In the two previous blog posts from this series, we discussed how socket errors and socket orders depend on the runtime and operating systems. For some, it may be obvious that some things are indeed specific to the operating system or the runtime, but often these issues come as a surprise and are only discovered when running our code on different systems.
An interesting example that may bite us at runtime is using ListSeparator
in our code. It should give us a common separator for list elements in a string. But is it really common?

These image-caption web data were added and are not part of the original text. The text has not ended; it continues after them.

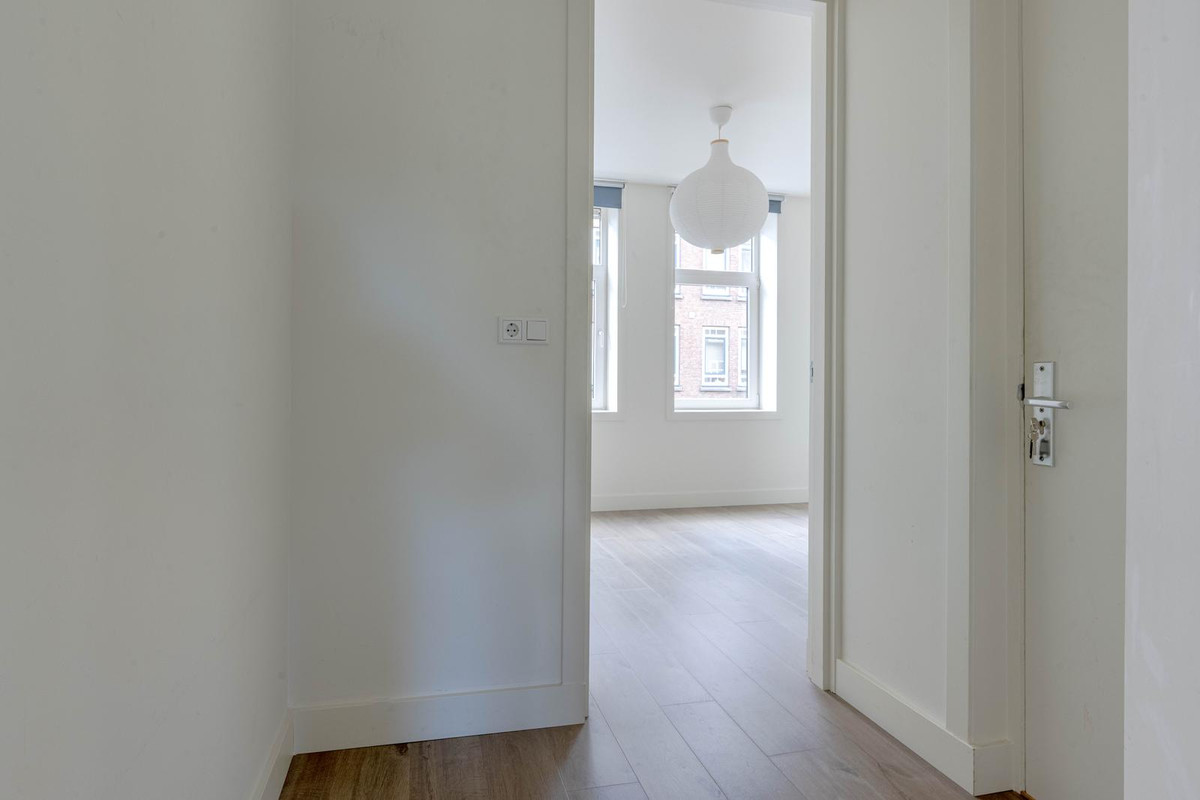 Appartement te koop: Willebrordusstraat 133B01, Rotterdam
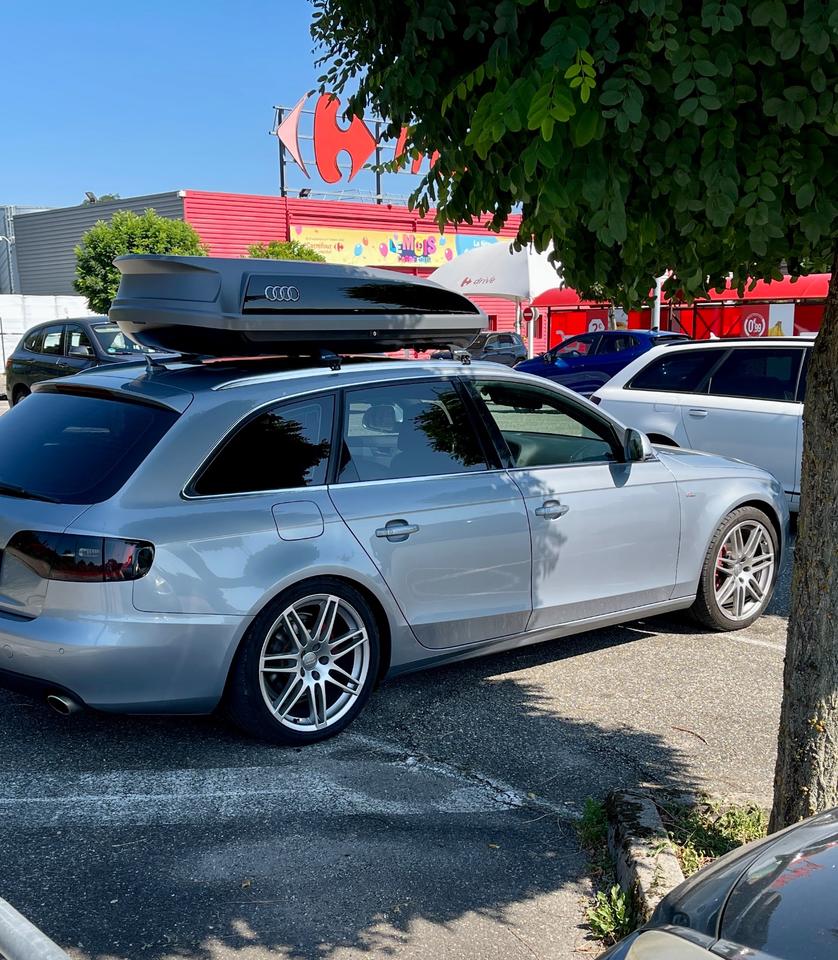 Audi A4 2008 — салон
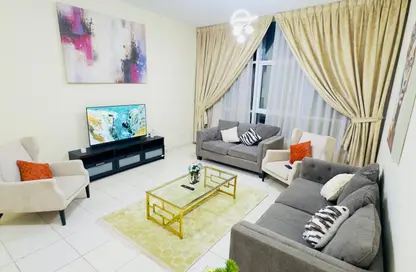 Apartment - 1 Bedroom - 2 Bathrooms for rent in Palm Tower 1 - Palm Towers - Al Majaz - Sharjah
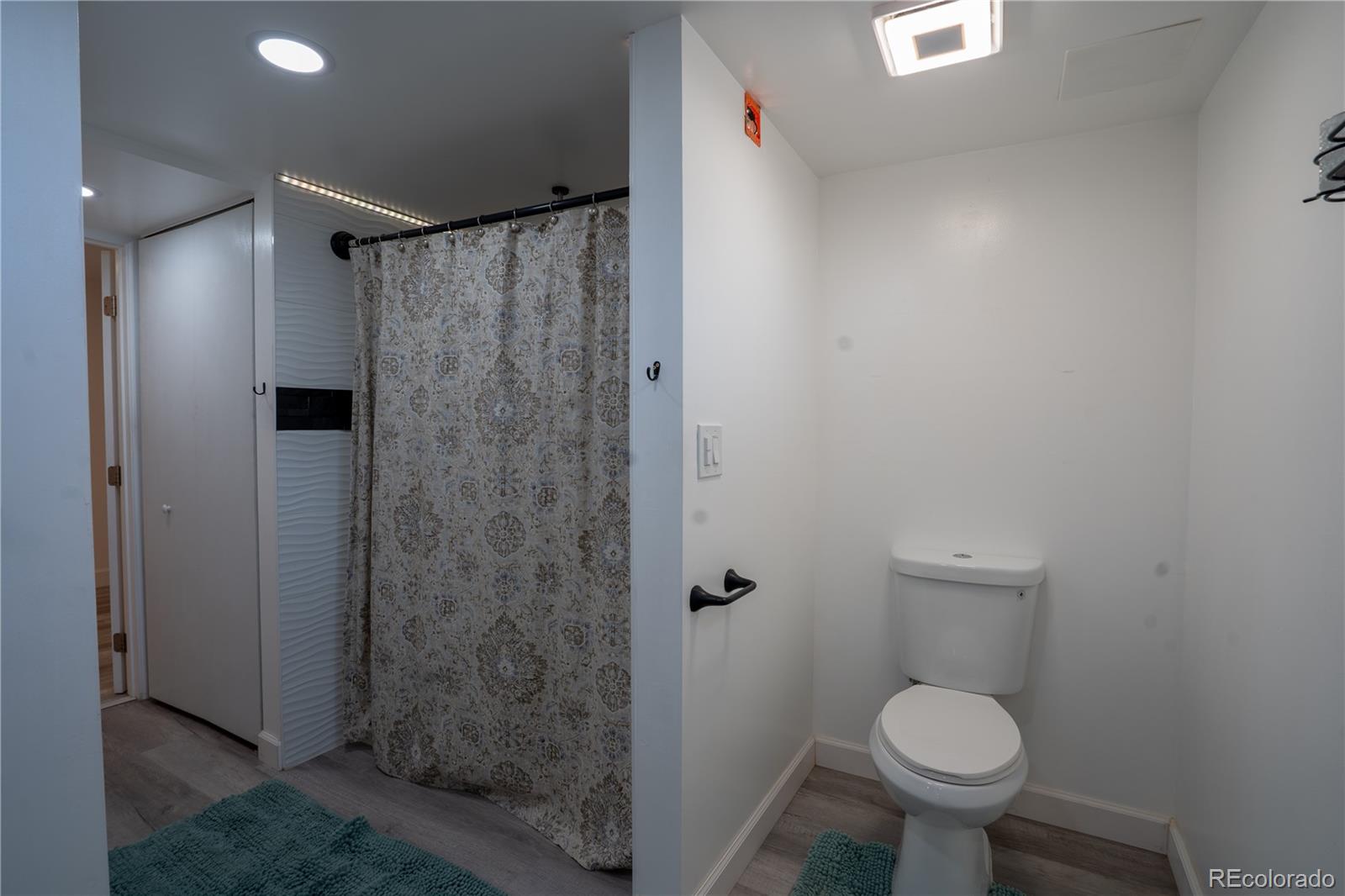 MLS Image #12 for 92  zenobia street,denver, Colorado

Let’s start our investigation by printing ListSeparator
for the Russian language:
Console.WriteLine(new CultureInfo("ru-ru").TextInfo.ListSeparator);
On Windows, you will get the same result for .NET Framework, .NET Core, and Mono: the ListSeparator
is ;
(a semicolon). You will also get a semicolon on Mono+Unix. However, on .NET Core+Unix, you will get a non-breaking space.
The Mono approach
On Windows, it’s possible to fetch the ListSeparator
value from the operating system’s regional settings. Unfortunately, there is no such option on Linux and macOS. So, how is this problem solved in Mono?

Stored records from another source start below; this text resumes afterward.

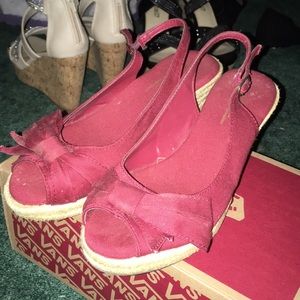 Dark red wedges
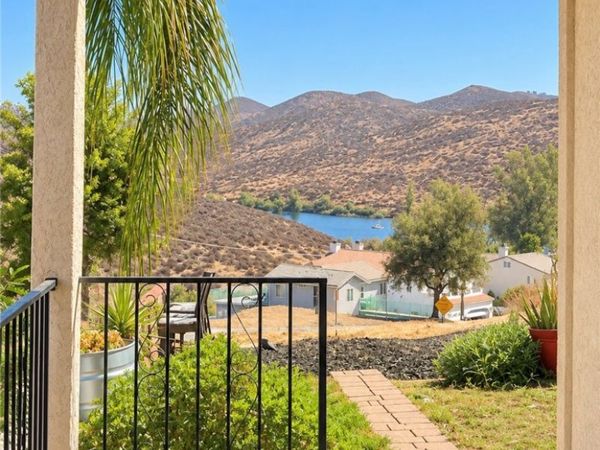22073 Vacation, Canyon Lake, CA 92587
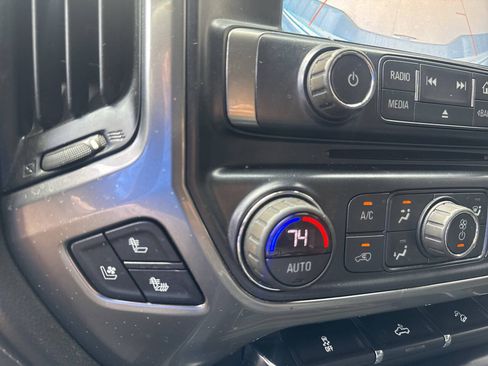 Used 2018 Chevrolet Silverado 1500 LTZ Z71 w/ Redline Edition AWD/4WD image 21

The missing information about cultures is collected in advance using the locale-builder tool. Some of this data is filled in using unicode CLDR. The rest is hardcoded. Speaking of TextInfo
(a class that contains the ListSeparator
value), it’s defined in Patterns.cs:
var entry_te = Text[lcid];
var te = ci.TextInfoEntry;
te.ANSICodePage = entry_te[0];
te.EBCDICCodePage = entry_te[1];
te.IsRightToLeft = entry_te[2] == "1" ? true : false;
te.ListSeparator = entry_te[3];
te.MacCodePage = entry_te[4];
te.OEMCodePage = entry_te[5];
The lcid
value (Language Code Identifier) for Russian is 1049 or 0x419. (The values for a number of other languages can be found here).

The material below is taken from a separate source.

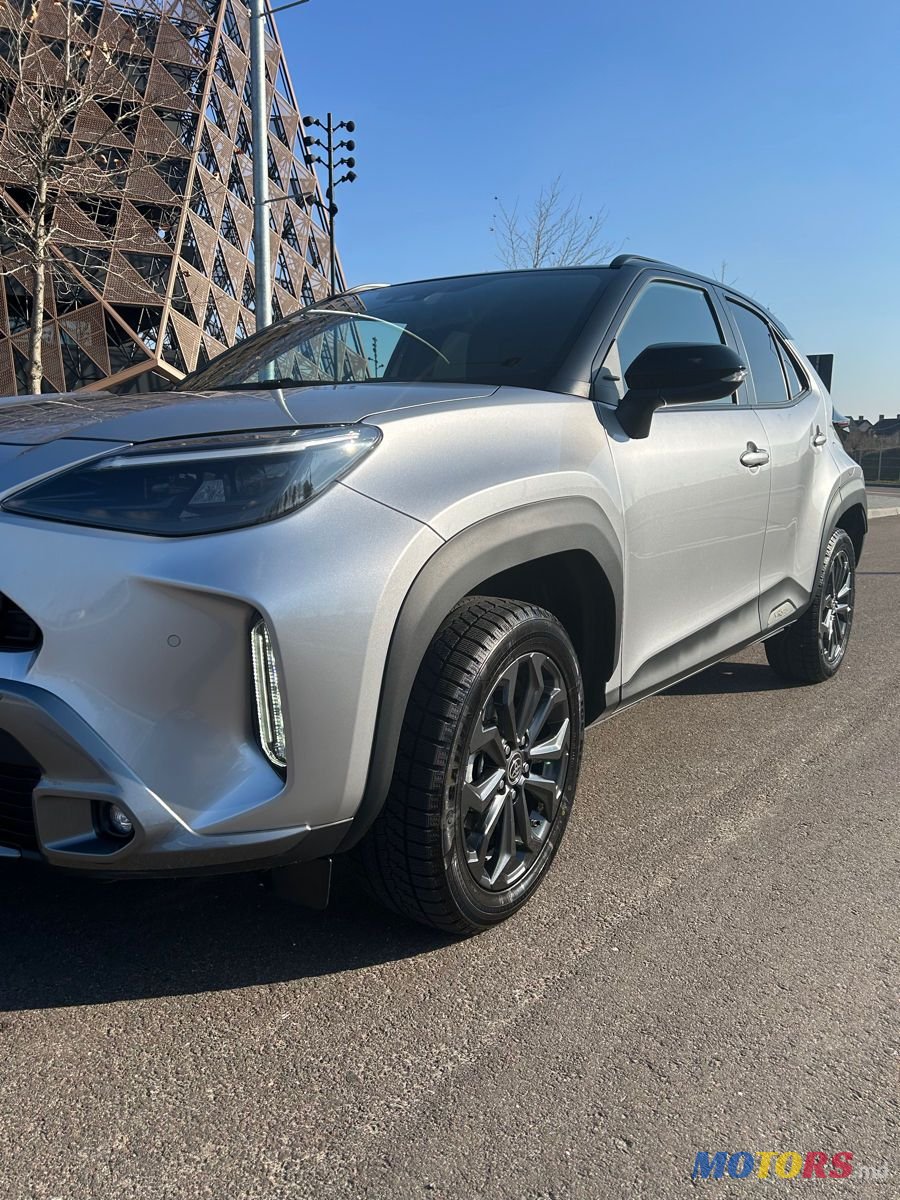 2023' Toyota Yaris Cross photo #2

The predefined values can also be found in Patterns.cs. Here is the corresponding entry for Russian:
{ 0x0419, new [] { "1251", "20880", "0", ";", "10007", "866" } },
Thus, entry_te[3]
equals ";"
. That’s how Mono knows the ListSeparator
value even if it’s not defined in the current operating system.
The .NET Core approach
Unfortunately, .NET Core doesn’t have predefined values for ListSeparator
. There’s a fairly strange logic in the source code of .NET Core 3.1.3:
case LocaleString_ListSeparator:
// fall through
case LocaleString_ThousandSeparator:
status = GetLocaleInfoDecimalFormatSymbol(locale, UNUM_GROUPING_SEPARATOR_SYMBOL, value, valueLength);
break;
It looks like .NET Core always uses the ThousandSeparator
value instead of ListSeparator
on Linux and macOS. This doesn’t feel right, so we filed an issue: dotnet/runtime#536. Hopefully, this behavior will be improved in the future.
Practical recommendations
If you are using some CultureInfo
properties that are not supported by one of your target operating systems, it’s better to provide some fallback values. Here is an example of how this problem has been solved in BenchmarkDotNet:
public static string GetActualListSeparator([CanBeNull] this CultureInfo cultureInfo)
{
cultureInfo = cultureInfo ?? DefaultCultureInfo.Instance;
string listSeparator = cultureInfo.TextInfo.ListSeparator;
// On .NET Core + Linux, TextInfo.ListSeparator returns NumberFormat.NumberGroupSeparator
// To work around this behavior, we patch empty ListSeparator with ";"
// See also: https://github.com/dotnet/runtime/issues/536
if (string.IsNullOrWhiteSpace(listSeparator))
listSeparator = ";";
return listSeparator;
}
Having fallback values in place prevents us from seeing unexpected issues when running our code, and helps us be sure we can safely run our code across multiple platforms without any surprises.